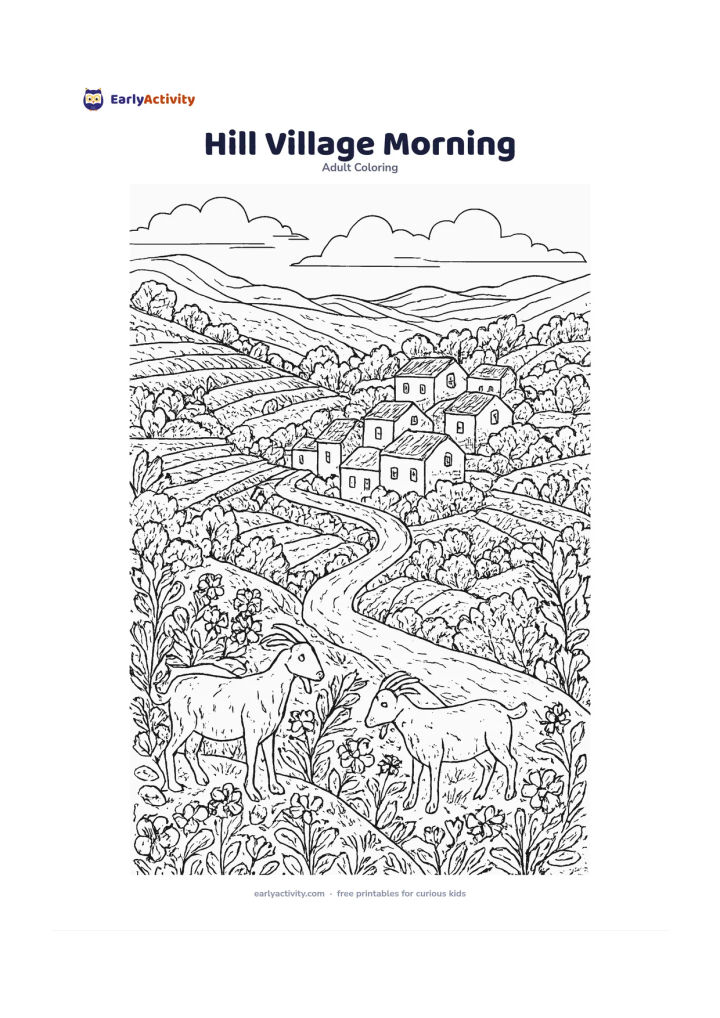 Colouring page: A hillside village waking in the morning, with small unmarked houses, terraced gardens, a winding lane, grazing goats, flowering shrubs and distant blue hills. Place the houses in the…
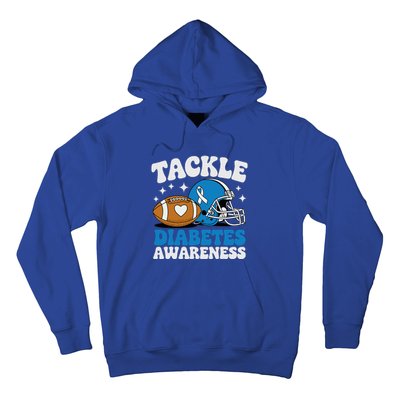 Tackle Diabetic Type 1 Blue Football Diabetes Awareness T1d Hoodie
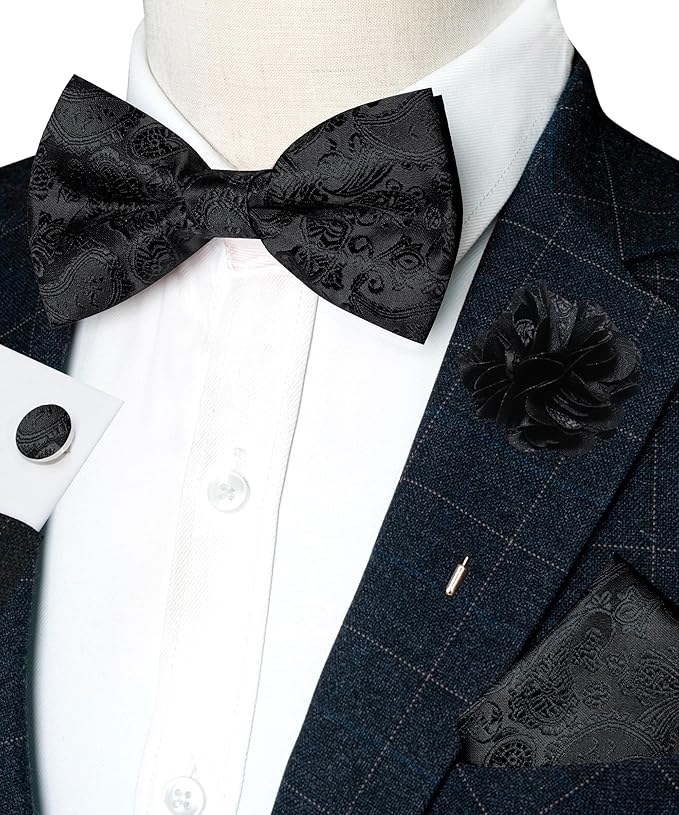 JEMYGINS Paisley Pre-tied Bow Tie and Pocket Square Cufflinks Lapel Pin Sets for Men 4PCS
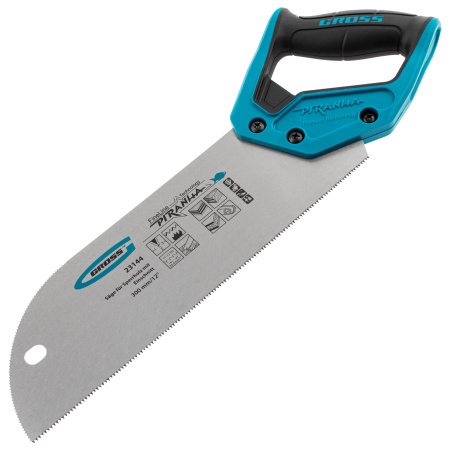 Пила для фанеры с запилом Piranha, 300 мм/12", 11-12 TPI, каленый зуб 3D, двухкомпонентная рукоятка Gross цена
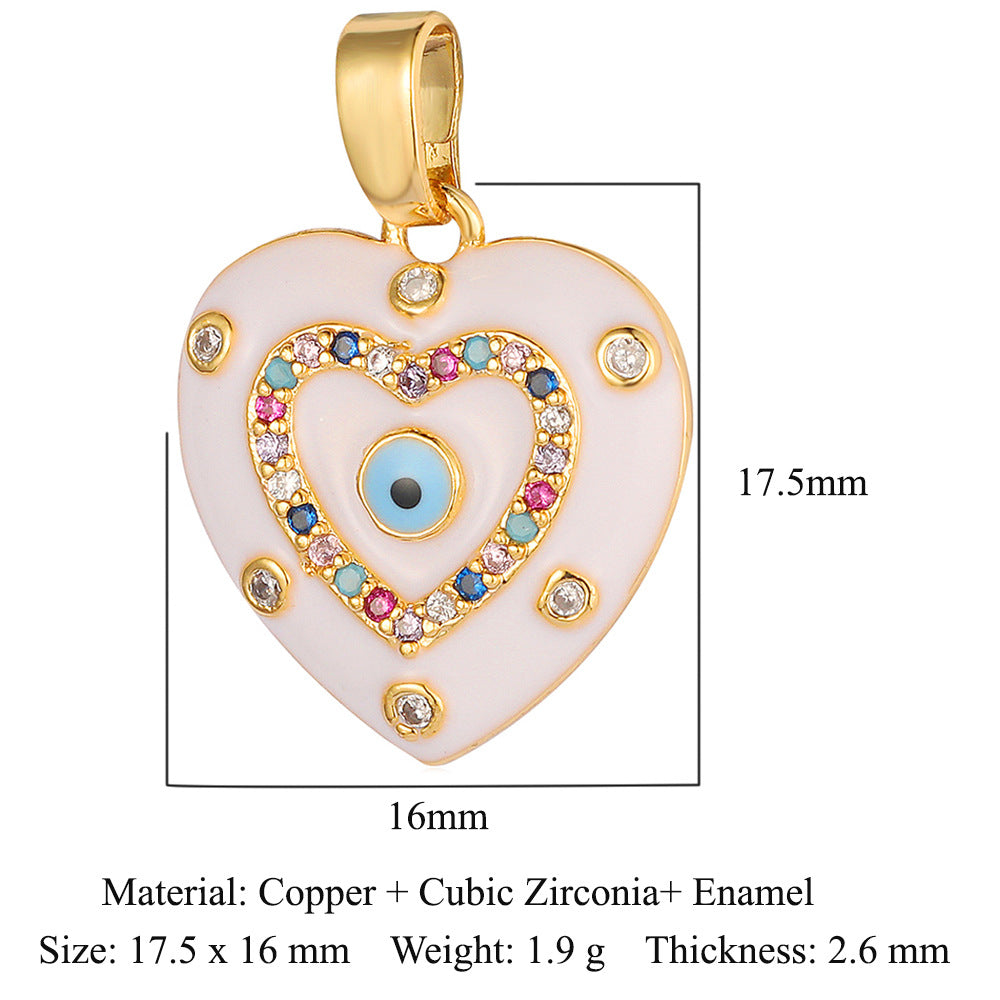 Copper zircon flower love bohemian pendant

Work to be completed = I need the lines from the line holding "JEMYGINS Paisley Pre-tied" through the end of the material, inclusive, restated word for word and without pictures.

Solved problem =
 JEMYGINS Paisley Pre-tied Bow Tie and Pocket Square Cufflinks Lapel Pin Sets for Men 4PCS
 Пила для фанеры с запилом Piranha, 300 мм/12", 11-12 TPI, каленый зуб 3D, двухкомпонентная рукоятка Gross цена
 Copper zircon flower love bohemian pendant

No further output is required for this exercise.